Quote Originally Posted by henry finley View Post
...My position is that given the possible age of it, I'd want to go through it from an electronic standpoint... Come to think of it, I'll bet the sensor probably uses a CdS cell...
Ah, I didn't catch where you recanted, fair enough.

If a calibrated strip could be had for $17 it is a good value. At least you would know if you need to calibrate.

I think I found the picture of your auction. You may have spent a little more than I would have paid, but the difference wouldn't buy the family a dinner at McDonalds so don't sweat it. You can get your money's worth from it. If the bulb burns out, go to the hardware store and get a 12v 50w halogen. It's good enough.

In some ways your unit is different than my Macbeth TR-524, where you have an analog meter needle and I have a digital LED readout. My unit has a color turret and a tethered reflective meter on the side, while yours is designed for only black and white transmission. Otherwise they are similar "age".

Despite its age, my unit operates reasonably well and gives me useful readings. I think they used high quality parts. But, as henry finley says I do not expect "laboratory grade" readings.

The photoreceptor is trustworthy. I think it's a "photo-emission" tube type like used in early drum scanners. Cost a fortune new but way better than a CdS cell.
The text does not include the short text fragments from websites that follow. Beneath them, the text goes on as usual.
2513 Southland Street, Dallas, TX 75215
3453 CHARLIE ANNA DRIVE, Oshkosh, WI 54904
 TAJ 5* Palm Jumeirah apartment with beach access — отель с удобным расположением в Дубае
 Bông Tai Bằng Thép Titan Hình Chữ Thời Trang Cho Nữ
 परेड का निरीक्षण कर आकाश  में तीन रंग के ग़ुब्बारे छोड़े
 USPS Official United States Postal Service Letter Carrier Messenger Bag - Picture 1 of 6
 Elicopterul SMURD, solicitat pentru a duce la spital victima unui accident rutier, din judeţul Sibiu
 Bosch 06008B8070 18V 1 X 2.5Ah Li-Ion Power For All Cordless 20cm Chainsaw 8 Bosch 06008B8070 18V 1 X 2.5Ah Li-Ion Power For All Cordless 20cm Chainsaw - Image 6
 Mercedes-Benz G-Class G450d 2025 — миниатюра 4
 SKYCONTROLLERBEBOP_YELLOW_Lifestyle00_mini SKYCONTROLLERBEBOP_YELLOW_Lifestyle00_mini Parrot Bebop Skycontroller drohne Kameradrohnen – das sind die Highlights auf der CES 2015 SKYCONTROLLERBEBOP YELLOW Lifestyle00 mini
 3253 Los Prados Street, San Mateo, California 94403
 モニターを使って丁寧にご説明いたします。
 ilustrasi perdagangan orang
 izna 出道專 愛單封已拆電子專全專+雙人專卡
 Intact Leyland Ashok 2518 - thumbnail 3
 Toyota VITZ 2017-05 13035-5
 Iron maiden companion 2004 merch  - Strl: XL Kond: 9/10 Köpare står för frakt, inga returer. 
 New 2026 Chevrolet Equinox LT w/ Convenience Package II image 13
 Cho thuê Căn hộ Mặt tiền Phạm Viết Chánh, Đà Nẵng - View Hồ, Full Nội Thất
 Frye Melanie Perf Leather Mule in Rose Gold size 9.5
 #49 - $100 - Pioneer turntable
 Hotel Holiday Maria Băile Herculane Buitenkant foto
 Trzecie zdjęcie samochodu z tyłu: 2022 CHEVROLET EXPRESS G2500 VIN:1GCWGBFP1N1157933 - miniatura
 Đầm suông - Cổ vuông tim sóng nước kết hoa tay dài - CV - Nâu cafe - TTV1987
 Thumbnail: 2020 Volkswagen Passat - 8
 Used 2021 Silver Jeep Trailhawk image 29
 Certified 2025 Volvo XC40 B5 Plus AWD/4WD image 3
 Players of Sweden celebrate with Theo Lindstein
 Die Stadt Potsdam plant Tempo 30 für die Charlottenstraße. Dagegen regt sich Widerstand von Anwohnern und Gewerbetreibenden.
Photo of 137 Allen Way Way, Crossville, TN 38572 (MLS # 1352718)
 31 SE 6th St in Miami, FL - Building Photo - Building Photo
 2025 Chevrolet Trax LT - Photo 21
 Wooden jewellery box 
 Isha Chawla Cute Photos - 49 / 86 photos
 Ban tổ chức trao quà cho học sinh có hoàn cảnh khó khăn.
Look under the aperture insert, is there just a mirror there, or does it have a "turret" with two window screens above the mirror? If so, make sure the screen number (2 or 3) matches the aperture plate (looks like 2mm)...

It takes a little practice to read the needle (line up your eye so the needle reflection is behind the needle)... And maybe the gradation makes it hard to get resolution closer than 0.02 density... But really, if you get to work with it, it doesn't really matter if your readings are off a lot. Even if they are off by 0.05, you can still tell how contrasty your negatives are.